The researchers emphasize that while these findings are promising, their retrospective nature represents a significant limitation. Unlike a controlled clinical trial, patients were not randomly assigned to receive gabapentin, meaning other factors could potentially influence the results. Nevertheless, the consistency of the survival benefit across different patient subgroups strongly suggests that the effect is real and worthy of further investigation in more rigorous clinical trials.
The Path Forward
Medical researchers are cautiously optimistic but appropriately restrained in their enthusiasm. Before gabapentin can be recommended as a standard treatment for glioblastoma, controlled clinical trials are necessary to definitively establish its efficacy and optimal dosing. The study was partially funded by the DFCI/Kiki Leptomeningeal Disease Grant, highlighting the importance of continued research support in this challenging field. If confirmed, the findings could represent a significant victory in the fight against a disease that has long defied medical advances.

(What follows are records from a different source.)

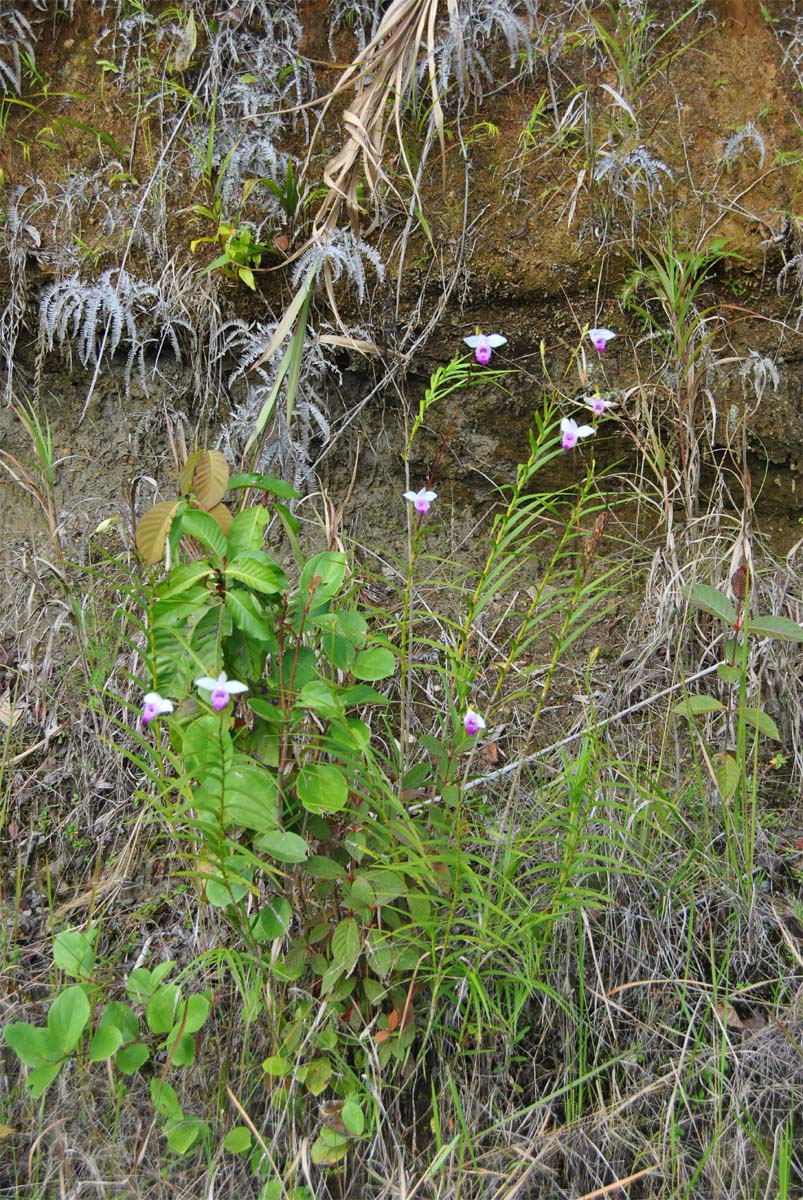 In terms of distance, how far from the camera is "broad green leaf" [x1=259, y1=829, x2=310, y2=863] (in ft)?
4.73

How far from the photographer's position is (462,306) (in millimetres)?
2387

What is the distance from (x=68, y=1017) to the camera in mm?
1536

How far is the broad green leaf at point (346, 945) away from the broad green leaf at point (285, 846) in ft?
0.69

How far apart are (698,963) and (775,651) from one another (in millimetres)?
712

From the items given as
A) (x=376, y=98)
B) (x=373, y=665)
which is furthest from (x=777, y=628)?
(x=376, y=98)

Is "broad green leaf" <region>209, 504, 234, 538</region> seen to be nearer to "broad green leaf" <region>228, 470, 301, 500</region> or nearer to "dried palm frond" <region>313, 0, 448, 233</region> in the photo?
"broad green leaf" <region>228, 470, 301, 500</region>

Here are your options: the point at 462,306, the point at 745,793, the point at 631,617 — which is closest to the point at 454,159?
the point at 462,306

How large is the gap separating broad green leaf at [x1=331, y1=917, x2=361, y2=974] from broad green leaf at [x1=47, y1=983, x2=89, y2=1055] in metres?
0.42

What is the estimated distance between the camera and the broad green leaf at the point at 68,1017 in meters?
1.53

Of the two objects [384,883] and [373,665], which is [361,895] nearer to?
[384,883]

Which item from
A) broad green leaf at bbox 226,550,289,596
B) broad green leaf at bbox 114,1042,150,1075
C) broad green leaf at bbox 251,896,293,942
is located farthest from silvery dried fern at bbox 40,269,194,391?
broad green leaf at bbox 114,1042,150,1075

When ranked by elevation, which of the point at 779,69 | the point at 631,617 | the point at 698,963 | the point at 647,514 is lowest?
the point at 698,963

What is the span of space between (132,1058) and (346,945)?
422mm

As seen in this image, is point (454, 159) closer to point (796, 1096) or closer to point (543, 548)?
point (543, 548) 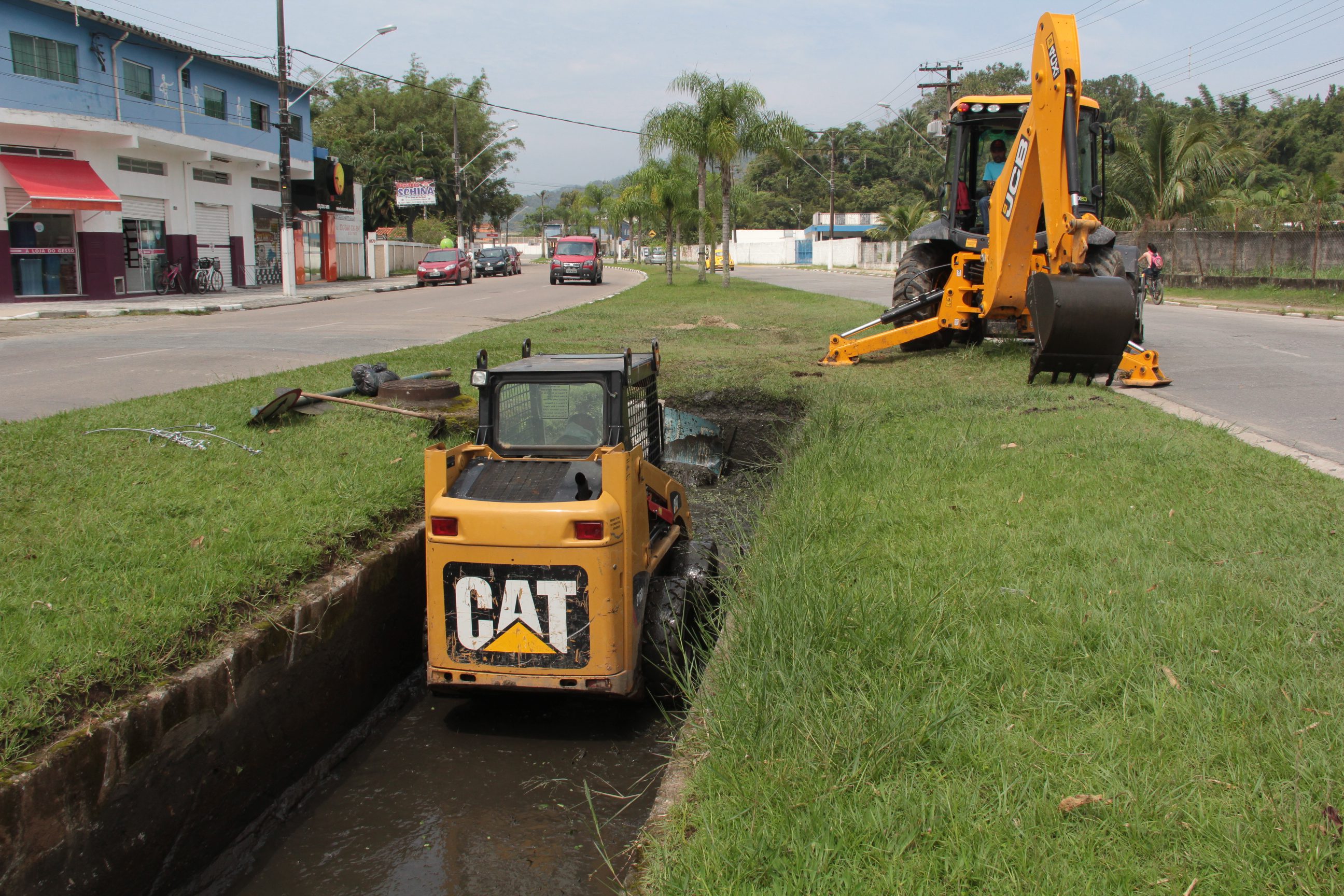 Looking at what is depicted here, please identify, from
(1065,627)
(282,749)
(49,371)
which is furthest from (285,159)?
(1065,627)

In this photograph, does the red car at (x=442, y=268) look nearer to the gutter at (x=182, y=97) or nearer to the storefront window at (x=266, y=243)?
the storefront window at (x=266, y=243)

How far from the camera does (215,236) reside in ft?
110

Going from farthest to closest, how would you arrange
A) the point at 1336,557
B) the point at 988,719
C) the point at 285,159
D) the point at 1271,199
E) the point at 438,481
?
the point at 1271,199 → the point at 285,159 → the point at 438,481 → the point at 1336,557 → the point at 988,719

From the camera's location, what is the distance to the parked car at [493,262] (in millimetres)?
50750

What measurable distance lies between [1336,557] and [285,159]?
94.7 ft

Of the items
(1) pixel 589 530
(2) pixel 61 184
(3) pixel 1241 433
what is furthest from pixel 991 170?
(2) pixel 61 184

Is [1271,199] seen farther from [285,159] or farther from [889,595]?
[889,595]

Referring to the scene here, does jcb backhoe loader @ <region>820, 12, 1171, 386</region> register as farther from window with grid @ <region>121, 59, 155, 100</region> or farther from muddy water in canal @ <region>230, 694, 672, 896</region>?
window with grid @ <region>121, 59, 155, 100</region>

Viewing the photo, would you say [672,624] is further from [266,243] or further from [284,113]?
[266,243]

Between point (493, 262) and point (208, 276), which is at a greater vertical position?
point (493, 262)

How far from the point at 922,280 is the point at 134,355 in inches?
424

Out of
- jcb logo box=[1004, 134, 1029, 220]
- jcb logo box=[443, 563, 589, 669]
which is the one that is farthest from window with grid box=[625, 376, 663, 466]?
jcb logo box=[1004, 134, 1029, 220]

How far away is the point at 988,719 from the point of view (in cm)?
348

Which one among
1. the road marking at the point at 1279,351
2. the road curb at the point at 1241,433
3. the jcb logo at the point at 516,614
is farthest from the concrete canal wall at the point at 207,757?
the road marking at the point at 1279,351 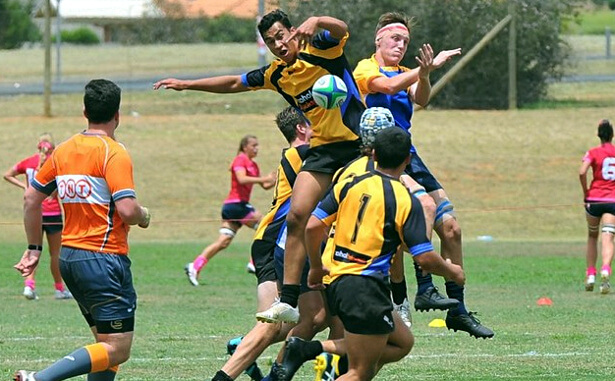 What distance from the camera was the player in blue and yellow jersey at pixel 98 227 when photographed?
7.95m

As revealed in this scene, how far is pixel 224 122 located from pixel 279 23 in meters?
23.9

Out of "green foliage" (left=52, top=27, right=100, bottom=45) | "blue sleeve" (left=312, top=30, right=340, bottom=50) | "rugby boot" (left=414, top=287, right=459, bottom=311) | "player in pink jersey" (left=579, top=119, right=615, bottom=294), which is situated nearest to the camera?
"blue sleeve" (left=312, top=30, right=340, bottom=50)

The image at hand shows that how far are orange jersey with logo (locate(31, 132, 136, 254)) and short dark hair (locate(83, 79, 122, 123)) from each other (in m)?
0.13

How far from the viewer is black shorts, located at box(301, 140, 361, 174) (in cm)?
922

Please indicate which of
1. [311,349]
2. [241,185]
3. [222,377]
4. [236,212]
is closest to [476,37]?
[241,185]

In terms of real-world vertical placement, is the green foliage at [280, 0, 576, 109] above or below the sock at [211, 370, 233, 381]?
below

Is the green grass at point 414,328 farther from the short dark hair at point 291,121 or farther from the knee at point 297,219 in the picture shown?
the short dark hair at point 291,121

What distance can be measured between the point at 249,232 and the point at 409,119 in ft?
60.4

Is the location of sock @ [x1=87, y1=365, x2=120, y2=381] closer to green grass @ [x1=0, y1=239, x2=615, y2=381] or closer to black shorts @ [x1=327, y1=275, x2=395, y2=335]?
black shorts @ [x1=327, y1=275, x2=395, y2=335]

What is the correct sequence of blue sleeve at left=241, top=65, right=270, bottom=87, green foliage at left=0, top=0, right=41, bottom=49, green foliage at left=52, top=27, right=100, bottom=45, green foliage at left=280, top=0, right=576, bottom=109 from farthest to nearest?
green foliage at left=52, top=27, right=100, bottom=45, green foliage at left=0, top=0, right=41, bottom=49, green foliage at left=280, top=0, right=576, bottom=109, blue sleeve at left=241, top=65, right=270, bottom=87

“While the findings are promising, the study is retrospective — patients were not given gabapentin in a controlled, randomized manner to directly assess its effects,” cautioned Joshua Bernstock, MD, PhD.
Perhaps most encouragingly, this discovery represents a potential breakthrough using an existing medication rather than an entirely new compound. Drug repurposing – finding new uses for approved medications – can dramatically reduce the time and cost of bringing treatments to patients. With gabapentin already widely available and its safety profile well-established, implementation could be relatively swift if clinical trials validate these initial findings, offering new hope to patients facing one of medicine’s most formidable challenges.